One such study is described by Kabir Chibber in a short, but fascinating, piece for Quartz:
“Researchers from the University of California, Berkeley, set out to discover exactly that when they tracked emotions such as compassion, joy, love, and so on versus the levels of interleukin-6 (IL-6)—a secretion which causes inflammation in the body—in the saliva of 119 university students. The researchers found that those who regularly have positive emotions have less IL-6…”
The researchers were able to run the test for specific emotions – and one stood out as having the “strongest correlation” with the physiological response:
“Awe.
“‘There seems to be something about awe,’ Dacher Keltner, a psychology professor and the senior author of the study, told the New York Times. ‘It seems to have a pronounced impact on markers related to inflammation.’”
Well, that’s just wonderful. Awesome, in fact. But how does one experience awe? Chibber suggests that we contemplate the wonders of the natural world. Others might look to great art and architecture. Speaking personally, the most powerful sense of awe that I’ve experienced encompasses both science and culture, but extends far beyond either.
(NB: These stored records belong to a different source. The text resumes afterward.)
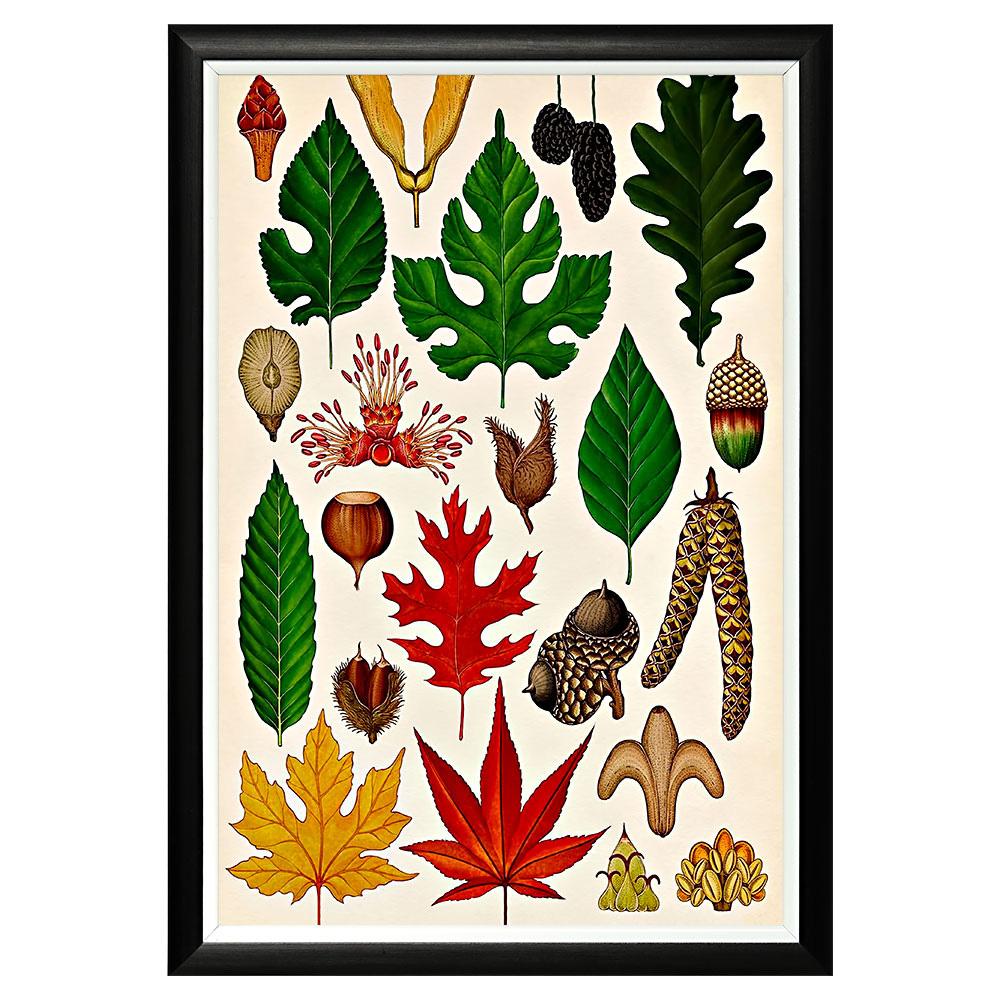 896518667_1818 Арт-постер «Гербарий. Осень» Object Desire 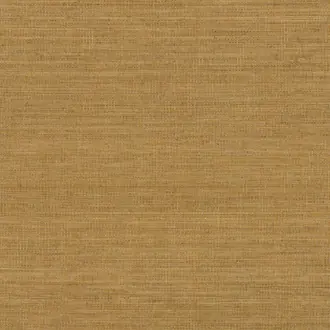 Abaca ABA20
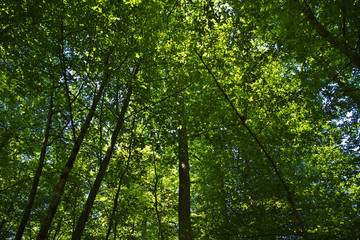 Fototapeta premium Belovezhskaya Pushcha, Belarus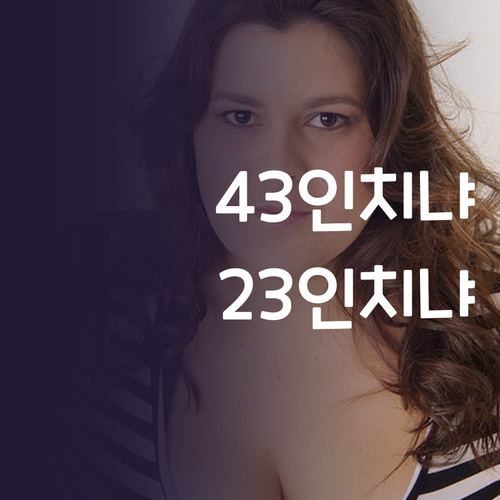 인치별 TV 선택 고민 끝 43인치 ..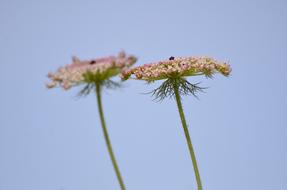 Nature Flora Flower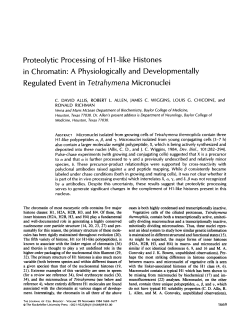 Proteolytic Processing of H l-like Histones in Chromatin" A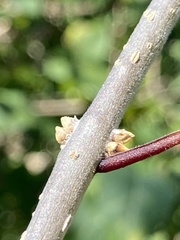 Forestiera acuminata
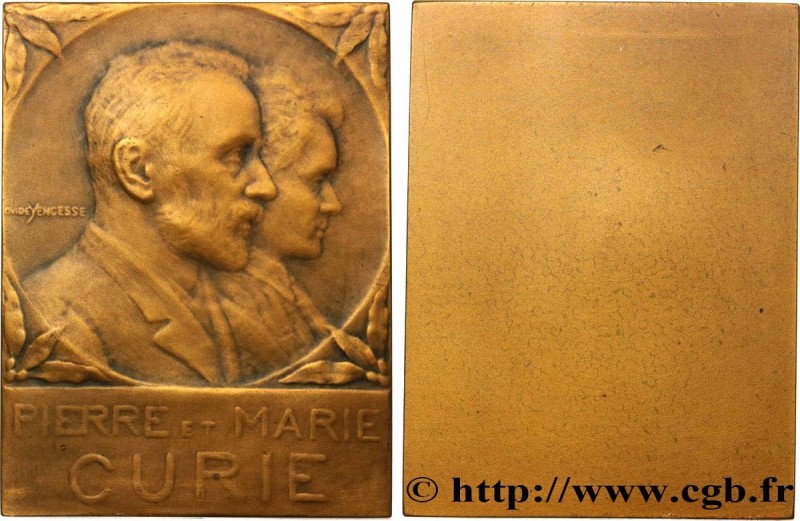 SCIENCE & SCIENTIFIC
Type : Plaque, Pierre et Marie Curie 
Date : n.d. 
Metal : ...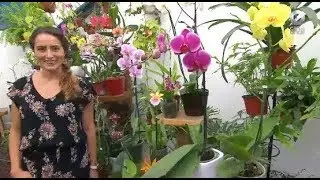 D Todo - Arte, palmas y macetas en Xochimilco (28/09/2017)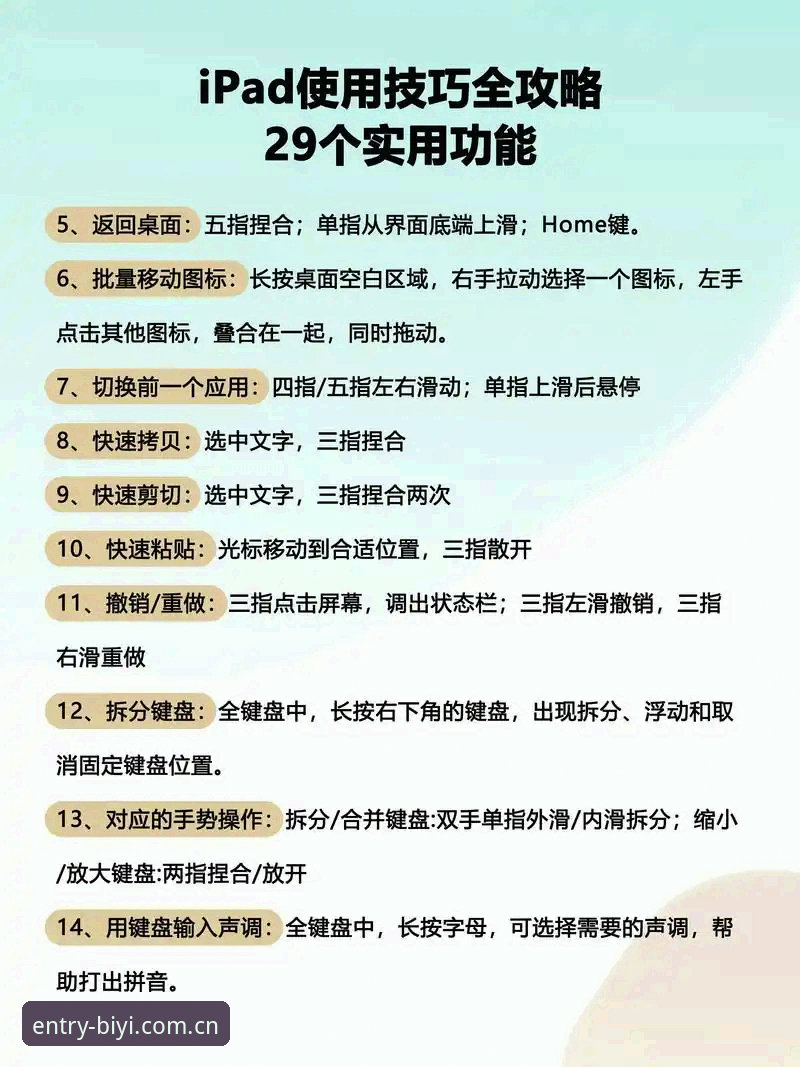 必一体育平台使用技巧详解——从注册到高效互动的完整指南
It’s sad that religion, when not turned to overtly evil ends, is so often drained of anything that might inspire anyone. Consider David Cameron’s Easter message, which you can read in Premier Christianity magazine. There’s nothing especially offensive about any part of it, but as a whole it is banal almost to the point of blasphemy. Here, for instance, is the conclusion:
“Easter is all about remembering the importance of change, responsibility, and doing the right thing for the good of our children. And today, that message matters more than ever.”
Really? If this weekend you should hear, or read, the Gospel accounts of Christ’s Passion and Resurrection, ask yourself if the “importance of change, responsibility and doing the right thing” is what Easter is all about. I always wondered what a centre-right version of Radio 4’s Thought for the Day might sound like – and now, thanks to the PM, we know.
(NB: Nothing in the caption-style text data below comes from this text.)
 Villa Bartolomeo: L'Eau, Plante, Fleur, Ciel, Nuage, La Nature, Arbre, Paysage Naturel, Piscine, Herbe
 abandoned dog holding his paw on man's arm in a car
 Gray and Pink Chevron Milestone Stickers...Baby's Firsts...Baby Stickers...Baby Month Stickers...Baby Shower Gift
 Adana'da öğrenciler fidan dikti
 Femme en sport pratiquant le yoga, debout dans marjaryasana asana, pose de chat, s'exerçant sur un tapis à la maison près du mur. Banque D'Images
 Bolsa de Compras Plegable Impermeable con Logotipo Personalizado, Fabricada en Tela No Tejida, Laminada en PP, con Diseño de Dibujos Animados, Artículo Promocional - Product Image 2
Isabel Hardman gives her take on the Gospel of Dave for the Spectator – and is less than awestruck:
“Perhaps the truth is that it’s OK if you say you’re a Christian, but you still shouldn’t appear to believe too much more than anyone else does, sticking to stuff about turning the other cheek, rather than the things about God doing stuff. Like raising his son from the dead. That kind of stuff is a bit awkward, so best leave it out.”
The best that Christianity Lite can expect from our secularised culture is indifference – but that won’t save souls, change minds or put bums on pews. It’s a point powerfully made in the American Conservative by Rod Dreher (who quotes the Catholic theologian Bo Bonner):
“…we need our Christianity to quit trying to conform to the world, and instead to ‘be a lot stranger.’ His point is that if young people are given the choice between unbelief and a faith that puts a light God gloss on the same consumerism and materialism that everybody else lives with, then who can blame young people for rejecting it? Because that is not historic Christianity. The real thing is wild, and weird; it is not a set of ideas, but a way of life. There will always be some people — young, middle-aged, and old — haunted by the sense that there is something else there, a longing that cannot be anesthetized away.”